Marie-Andrée Bertrand
p. 177–200
RésuméFR :
S’appuyant sur trois bilans assez négatifs de la discipline dressés par des criminologues canadiens connus, l’auteure de cet article analyse les conditions dans lesquelles est née la criminologie afin d’éclairer ce qui rend si difficile la critique de fond de son objet, le crime. Les experts invoquent le caractère appliqué et normatif de la discipline, sa proximité avec le pouvoir politique, ainsi que le climat social et politique, national et international, favorable à un retour aux orientations répressives et à une gestion actuarielle du pénal. Mais comment expliquer alors que des groupes de criminologues britanniques et irlandais, vivant dans un contexte social et politique analogue à celui des Canadiens, aient réussi à se tailler un objet d’étude au-delà du droit pénal, et qu’au Canada même une commission nationale du droit en arrive à questionner radicalement l’objet de la criminologie et à se rallier à la notion de « tort social grave » comme sujet d’étude et d’intervention ? L’auteure suggère que la professionnalisation de la discipline au Canada rend difficile toute critique immanente. Malgré tout, elle voit des signes d’un possible renouvellement de la criminologie dans l’intérêt que manifestent des départements pour les « Justice Studies » et dans le mouvement amorcé par l’Association canadienne de criminologie et sa revue qui ajoutent le mot « justice » à leur nom.
EN :
Experts in the field agree that criminology has shown its lack of capacity to examine critically its object, crime, as defined in penal law and see four factors that have contributed to these lacunae, the applied and normative character of the discipline, its proximity to political power, the national and international social climates that favour penal repression and actuarial management rather than intellectual enlightenment.

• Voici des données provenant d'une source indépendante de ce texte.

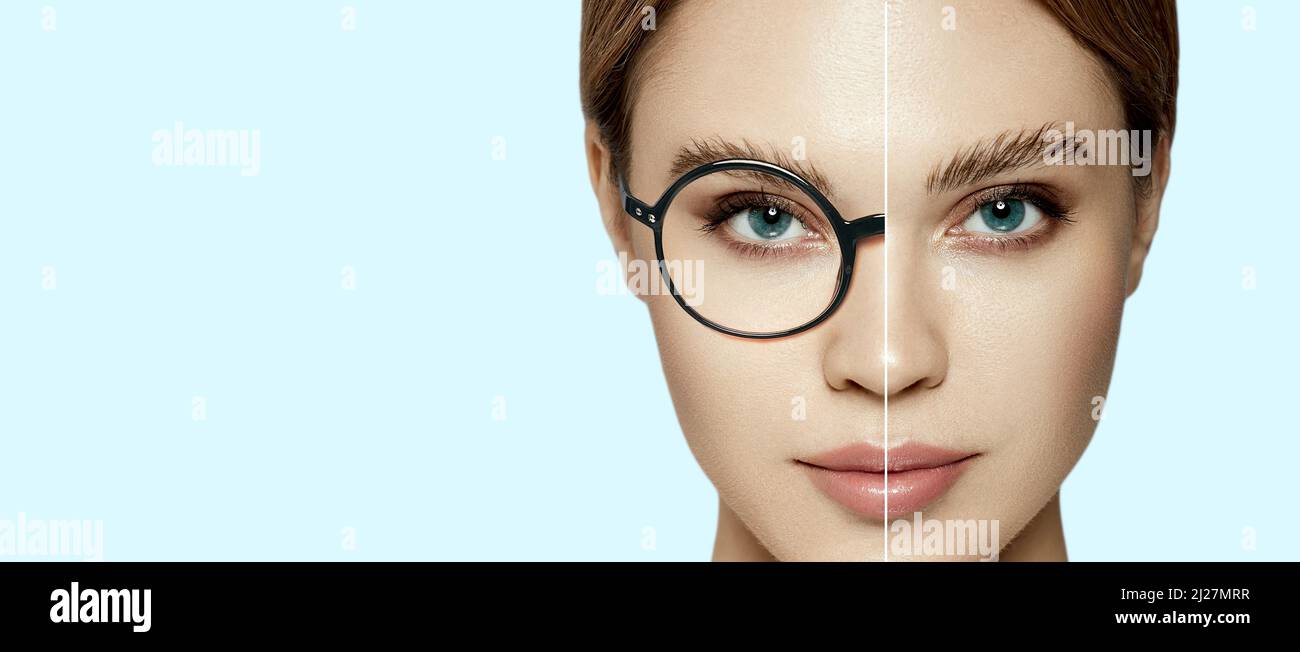 Laser-Vision-Korrektur. Frauengesicht mit und ohne Brille auf blauem Hintergrund, das das Konzept der Sehkorrektur mit Brillen zeigt Stockfoto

But then, asks the author, how to explain that under similar social and political conditions, a group of British and Irish social scientists have emancipated themselves from the discipline and chosen a larger field of study, beyond criminology as they say? And how was it possible for the Canadian Law Commission to explore the radical question “What is a crime ?” and to put twelve researchers at work on case studies that demonstrate the incapacity of penal law to apprehend and control severe social harms, rejoining the British and Irish colleagues’ move ? Is the professionalization of the discipline responsible for criminology’s difficulty to “think critically” ? The author sees a glimmer of hope in the will to change name shown by some criminology departments, a small move that the Canadian Association and Journal of Criminology have already made, adding the word “justice” to their title.